Thread: difference when using 'distinct on'
Howdy:
Can someone tell what the difference (and why
you would use it) is between the following:
[snip]
select distinct on (col_1, col_2),
col_1,
col_2,
col_3
from t_table
--
select distinct
col_1,
col_2,
col_3
from t_table
[/snip]
In the first example, is it just getting
the unique rows for the first two columns?
Thanks!
-X
On Fri, Sep 12, 2003 at 09:29:39 -0400, "Johnson, Shaunn" <SJohnson6@bcbsm.com> wrote: > > In the first example, is it just getting > the unique rows for the first two columns? Yes. Normally you would use distinct on in combination with an order by so that you get the particular unique row you are interested in. For example if col1 and col2 were an event type and col3 was a timestamp for the event, you could use distinct on to get the earliest or latest timestamp for each event type.

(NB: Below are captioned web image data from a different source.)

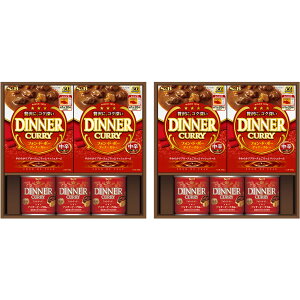 yzS&B fBi[r[tJ[ʋlggMtg×2ZbgiDC|30RjibsOÂΉsj GXr[Hi SB J[ gg J[ʋl@lߍ킹 Zbg J[Zbg 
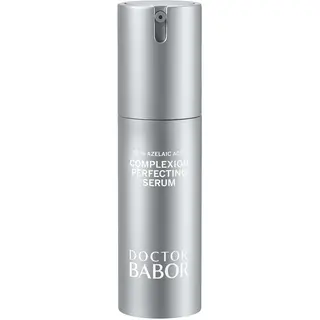 Produktfoto för Doctor Babor Complexion Perfecting Serum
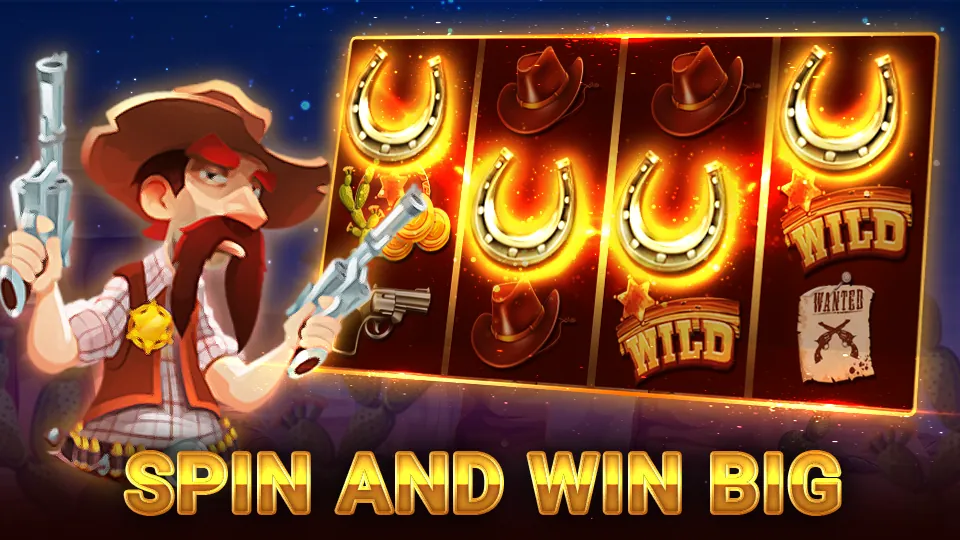 Bí quyết bắn cá hiệu quả trên OK22 App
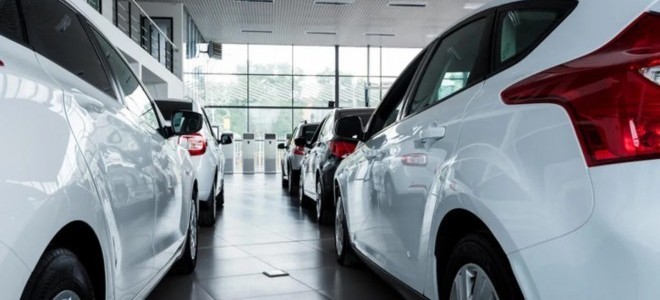 Ticaret Bakanlığı duyurdu: Taşıt ilanlarında yeni dönem başladı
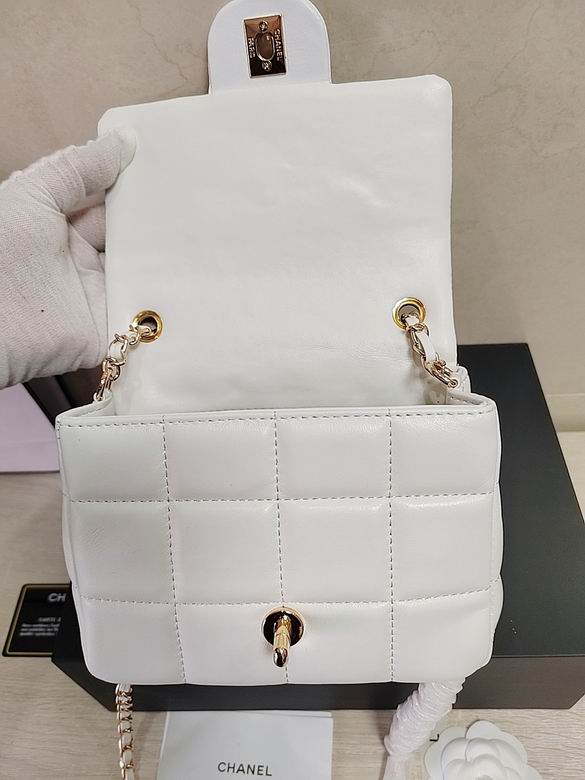 AS3744 12.5X16.5X8.5cm WO 2色 (7)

On Fri, 12 Sep 2003, Johnson, Shaunn wrote: > Howdy: > > Can someone tell what the difference (and why > you would use it) is between the following: > > [snip] > select distinct on (col_1, col_2), > col_1, > col_2, > col_3 > from t_table > > -- > > select distinct > col_1, > col_2, > col_3 > from t_table > [/snip] > > In the first example, is it just getting > the unique rows for the first two columns? In the first, for each set of rows that have a distinct col1,col2 value it's taking one of those rows and using its col3 value. It's like group by, but less restrictive since you don't need to use a set function on col_3. In general distinct on in that fashion is most usable when combined with an order by so that you can get a particular row from each set. For example, you might say do something like: select distinct on (col1, col2) col1, col2, col3 from t_table order by col1, col2, col4; In this case you should get the col3 value for each col1,col2 distinct group that corresponds to the row having the lowest col4 value.